Repeat the span of the entries below that starts at the line with "Filtro aire Hiflofiltro HFA2201" and ends at the line with "Brooklin IPV 02", nothing more. Skip the pictures.

[The data]:
########################################
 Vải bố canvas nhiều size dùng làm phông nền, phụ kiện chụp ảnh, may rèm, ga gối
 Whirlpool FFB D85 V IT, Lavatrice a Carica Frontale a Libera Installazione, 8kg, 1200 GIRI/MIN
########################################
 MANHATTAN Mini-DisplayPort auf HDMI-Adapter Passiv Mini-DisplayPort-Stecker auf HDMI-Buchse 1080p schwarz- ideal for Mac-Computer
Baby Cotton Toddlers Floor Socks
########################################
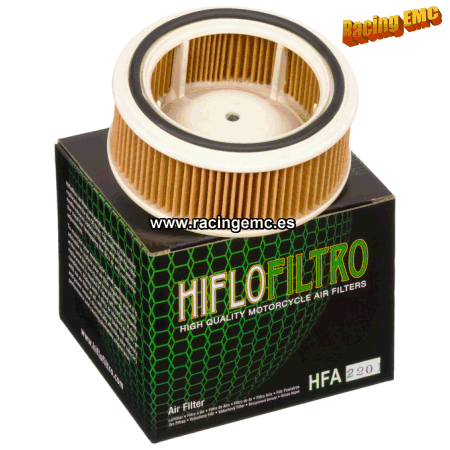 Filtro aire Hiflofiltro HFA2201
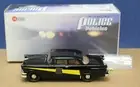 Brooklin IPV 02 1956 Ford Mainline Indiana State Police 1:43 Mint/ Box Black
########################################
[Output of the task]:
 Filtro aire Hiflofiltro HFA2201
 Brooklin IPV 02 1956 Ford Mainline Indiana State Police 1:43 Mint/ Box Black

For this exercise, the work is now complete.